Say we were to hit Justice Stephen Kos on the head with a frypan.
OPINION: We're not advocating that. Let's be perfectly clear. Nix to hitting judges in any circumstance, with or without heavy objects. No good would come of it.
But if for some unfathomable and indefensible reason were we to do so, what would we expect the result to be? Might we in that moment, on some level, have a faint and fleeting expectation the pan would have an imprint of his face on it?
You would think not. Just as if we were to drop an anvil on him, we wouldn't really expect him to walk away like a squished concertina, complete with musical effects. Or as Shakespeare very nearly said: if we cut Justice Kos, does he not bleed?
But when push comes to shove, perhaps we are tending to a problematic extent to trivialise violence. For his part the judge harbours real concerns, more for our benefit than his own, that we should have a less cartoonish world view. He was speaking during a manslaughter case stemming from a bar manager's actions, putting a customer in a sleeper hold, then accidentally dropping him. The judge wished that the remarkable fragility of the human skull was more widely appreciated. People just seemed to to think others could be hit or dropped to the ground and they would be able to just get up, he said.
It's been a tough time for publicans and bouncers generally, with a landmark decision from the Australian Supreme Court that they have a duty to "anticipate and prevent violence". This is being taken as a warning to venue owners that they cold face compensation payouts if their staff fail to act even if the violence takes place outside their properties. This after security guards didn't intervene for 2 and a half minutes while a man was assaulted outside Rozelle's Bridge Hotel.
While the Aussies are getting a step-up intervention message, New Zealanders are being told, in effect, to get real. This is hardly the first time an authority figure has lamented the disconnect between violence, as it is so often portrayed in the media, and real-world consequence. TV viewers and game players see a huge amount of come-and-go violence, full of rebounds. Die on your on-screen game and you can generally come back if you're the hero. As for the minor characters, well there's plenty more where they came from. On prime time TV funny sound effects in home-video shows merrily disguise the pain of accidents.

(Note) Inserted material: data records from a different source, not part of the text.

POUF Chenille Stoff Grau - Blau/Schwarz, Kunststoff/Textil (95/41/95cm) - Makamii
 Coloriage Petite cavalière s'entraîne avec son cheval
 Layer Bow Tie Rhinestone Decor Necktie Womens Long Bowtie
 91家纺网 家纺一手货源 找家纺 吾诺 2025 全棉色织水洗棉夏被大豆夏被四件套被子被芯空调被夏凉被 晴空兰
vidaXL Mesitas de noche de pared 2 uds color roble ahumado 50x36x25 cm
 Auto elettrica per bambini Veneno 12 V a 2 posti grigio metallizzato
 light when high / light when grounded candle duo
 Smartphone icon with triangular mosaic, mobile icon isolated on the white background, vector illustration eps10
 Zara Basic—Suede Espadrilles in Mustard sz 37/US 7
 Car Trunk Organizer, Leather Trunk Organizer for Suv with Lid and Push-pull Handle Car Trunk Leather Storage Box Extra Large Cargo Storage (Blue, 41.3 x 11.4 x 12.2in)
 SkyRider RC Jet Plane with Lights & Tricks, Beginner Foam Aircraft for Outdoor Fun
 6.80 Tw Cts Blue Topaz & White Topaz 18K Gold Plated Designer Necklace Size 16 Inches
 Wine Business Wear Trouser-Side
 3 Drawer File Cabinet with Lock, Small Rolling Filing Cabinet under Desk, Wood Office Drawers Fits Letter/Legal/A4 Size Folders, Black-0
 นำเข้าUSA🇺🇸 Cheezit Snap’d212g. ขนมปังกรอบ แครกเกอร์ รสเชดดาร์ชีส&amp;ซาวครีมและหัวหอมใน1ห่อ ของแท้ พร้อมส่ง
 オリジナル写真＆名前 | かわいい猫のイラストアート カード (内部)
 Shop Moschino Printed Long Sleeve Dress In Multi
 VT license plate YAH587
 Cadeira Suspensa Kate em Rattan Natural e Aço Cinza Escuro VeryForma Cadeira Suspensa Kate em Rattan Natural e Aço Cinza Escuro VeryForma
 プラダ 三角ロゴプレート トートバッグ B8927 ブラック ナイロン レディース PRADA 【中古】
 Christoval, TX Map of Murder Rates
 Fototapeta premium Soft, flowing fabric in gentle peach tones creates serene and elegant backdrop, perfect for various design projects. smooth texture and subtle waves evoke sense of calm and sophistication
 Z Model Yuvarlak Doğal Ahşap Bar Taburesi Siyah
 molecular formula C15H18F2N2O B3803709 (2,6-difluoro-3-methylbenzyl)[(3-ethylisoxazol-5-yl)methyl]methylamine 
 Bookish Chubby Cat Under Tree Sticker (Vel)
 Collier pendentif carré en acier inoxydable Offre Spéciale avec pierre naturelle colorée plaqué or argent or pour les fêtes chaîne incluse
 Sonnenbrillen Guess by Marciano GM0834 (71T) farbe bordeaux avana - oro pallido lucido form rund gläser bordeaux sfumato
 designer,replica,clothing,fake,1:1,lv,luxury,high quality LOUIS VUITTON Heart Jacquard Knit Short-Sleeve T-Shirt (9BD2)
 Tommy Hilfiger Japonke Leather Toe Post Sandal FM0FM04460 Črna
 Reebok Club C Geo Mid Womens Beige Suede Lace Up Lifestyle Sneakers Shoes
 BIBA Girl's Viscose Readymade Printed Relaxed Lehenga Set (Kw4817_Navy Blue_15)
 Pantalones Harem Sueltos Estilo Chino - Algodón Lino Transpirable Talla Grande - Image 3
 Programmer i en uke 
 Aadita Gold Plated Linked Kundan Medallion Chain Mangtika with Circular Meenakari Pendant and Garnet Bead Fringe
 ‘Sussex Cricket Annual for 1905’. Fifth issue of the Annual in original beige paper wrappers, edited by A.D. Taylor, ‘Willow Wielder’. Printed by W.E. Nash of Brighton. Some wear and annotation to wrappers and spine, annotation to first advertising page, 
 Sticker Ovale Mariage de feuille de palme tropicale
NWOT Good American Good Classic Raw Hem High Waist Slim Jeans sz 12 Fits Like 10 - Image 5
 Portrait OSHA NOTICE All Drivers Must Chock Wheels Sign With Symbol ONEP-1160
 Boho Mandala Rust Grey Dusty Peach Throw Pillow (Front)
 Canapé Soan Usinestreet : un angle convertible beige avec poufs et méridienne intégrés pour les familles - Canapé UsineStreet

From the days of silent cinematic slapstick, to the jovial and brightly-coloured fun of Itchy and Scratchy's adventures in dismemberment, we have a collective appetite for robust physical humour and dramatic derring-do with massive body counts of no-account baddies. Injuries matter in sport's coverage, but in other viewing experiences not so much.
Its understandable. More realistic lingering on the unhappy consequences would oftentimes be just a tad too miserable, perhaps too tedious, for stories that are essentially entertainment.
What matters is overkill. Steep ourselves in this stuff and there's no shortage of studies that conclude we're liable to become desensitised. That's hardly a revelation. The judge was really telling us something most of us already know. But with the problematic depictions coming thick and fast, it seems reasonable for the occasional word of caution to receive a repeated airing as well. The message isn't that bouncers should watch fewer cartoons. But a keener awareness of, say, the cautions contained in those "bigger the mess" road safety ads wouldn't go amiss for all of us.
We're far more fragile than we routinely tell ourselves.